Jose Couso, died April 8, 2003. A cameraman with Spain's Telecinco, Couso was killed when a U.S. tank fired on the Palestine Hotel where he and other international journalists were staying. Reportedly, the tank fired on the hotel after Iraqi fighters located in bunkers at the front of the hotel fired first, using AK-47s and rocket-propelled grenades.
As dozens of journalists stood watching from the hotel's balconies, the tank returned fire, hitting the hotel's fourteenth and fifteenth floors. Lt. Col. Philip DeCamp, commander of the tank unit, apologized for the incident, saying "I'm sorry to say it, but I'm the guy who killed the journalists. . . . I feel sorry for [the journalists'] families, but I had no choice. My soldiers' lives were in danger." When U.S. Secretary of State Colin Powell appeared at a news conference in Madrid, some members of the television crews present wore T-shirts imprinted with Couso's likeness and the word "murdered." Powell has said that there will be an investigation into the incident. (See "U.S. Military Fires on Journalists' Hotel" in this issue of the Silha Bulletin.)

Taras Protsyuk, died April 8, 2003. A Reuters cameraman from Ukraine, Protsyuk was killed in the same incident as Couso.

Tereq Ayyoub, died April 8, 2003. A Jordanian cameraman with Al Jazeera, Ayyoub was killed when U.S. air strikes hit Al-Jazeera's Baghdad office.

Mario Podesta, died April 14, 2003. A free-lance journalist and veteran war correspondent who worked for Argentina's America TV, Podesta was killed in a car accident. He had been traveling with a convoy on its way from Amman, Jordan, to Baghdad when gunshots were heard near Ramadi, 60 miles from Baghdad. Trying to avoid what he perceived as an attack, the driver of the car lost control when a tire exploded, causing the car to roll several times.

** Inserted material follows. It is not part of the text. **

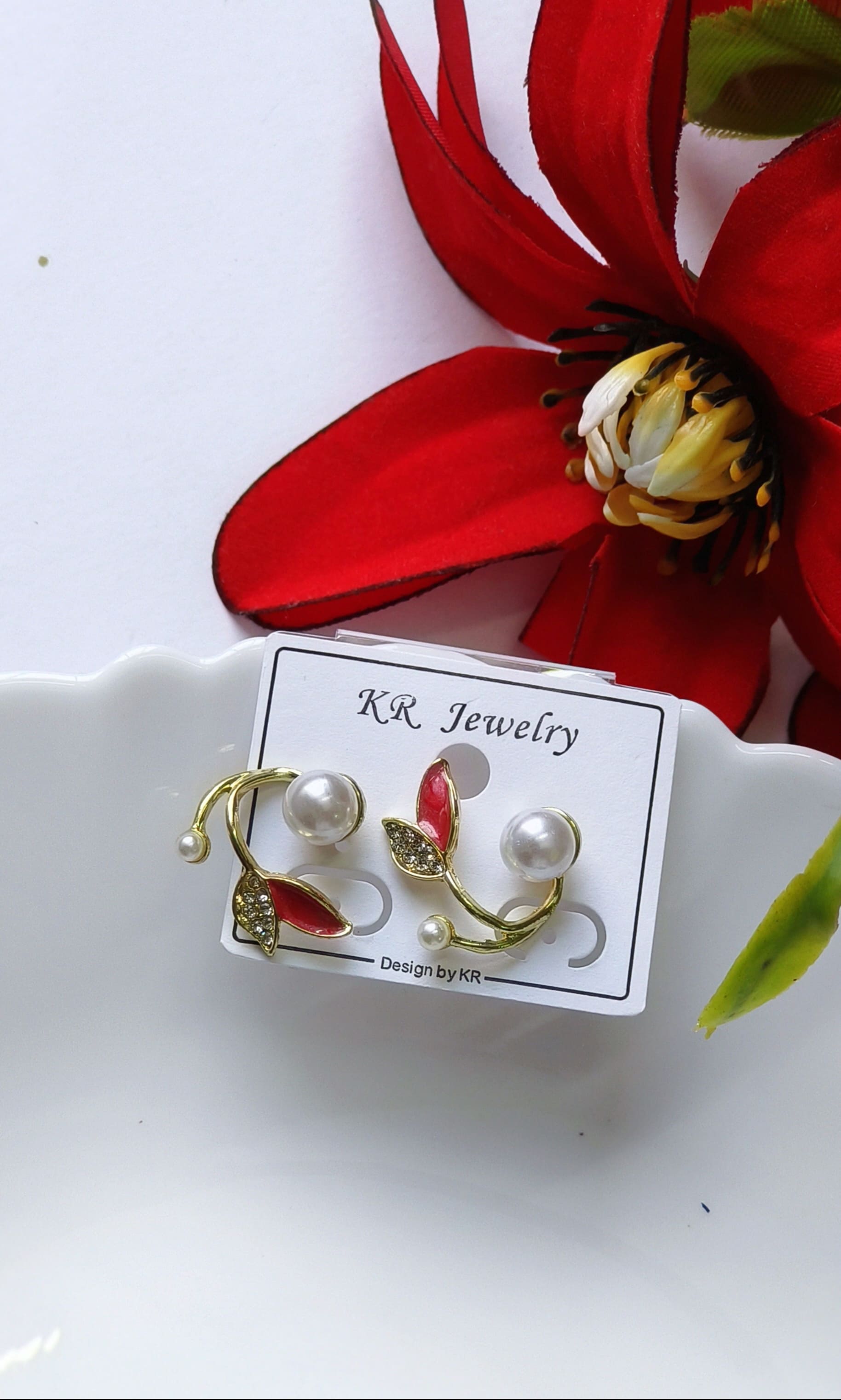 Fancy tulip earring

Podesta was killed instantaneously.

Veronica Cabrera, died April 15, 2003. A camerawoman working for Argentina's America TV, Cabrera was killed as a result of the same accident as Podesta, although she died in a Baghdad hospital the following day. She was the first female journalist to die in Iraq.

Elizabeth Neuffer, died May 9, 2003. A reporter for the Boston Globe, Neuffer was killed in a car accident when the driver of her car hit a guardrail while returning from Baghdad to Takrit. An award-winning journalist known for her work in promoting human rights and bringing war criminals to justice, Neuffer had received the 1997 Novartis Prize for Excellence in International Journalism from the Johns Hopkins School of Advanced International Studies, a 1998 Courage in Journalism Award from
the International Women's Media Foundation, and an Edward R. Murrow Fellowship from the Council on Foreign Relations. She was the author of a book, "The Key to My Neighbor's House: Seeking Justice in Bosnia and Rwanda," published in 2001. While working in Bosnia, she was credited with finding indicted war criminals. Matthew V. Storin, editor of the Boston Globe at the time of the war in Bosnia, was quoted as saying that "[Neuffer] knew how to be good with military. She knew how to deal with refugees. It's rare to be good with either. To be good with both is very unusual."

(Information for this article was taken from the (London) Guardian, the Washington Post, the Los Angeles Times, the Boston
, the Associated Press; as well as from the Web sites of the Freedom Forum, Editor and Publisher, the Committee to Protect Journalists, and ITV and BBC television.)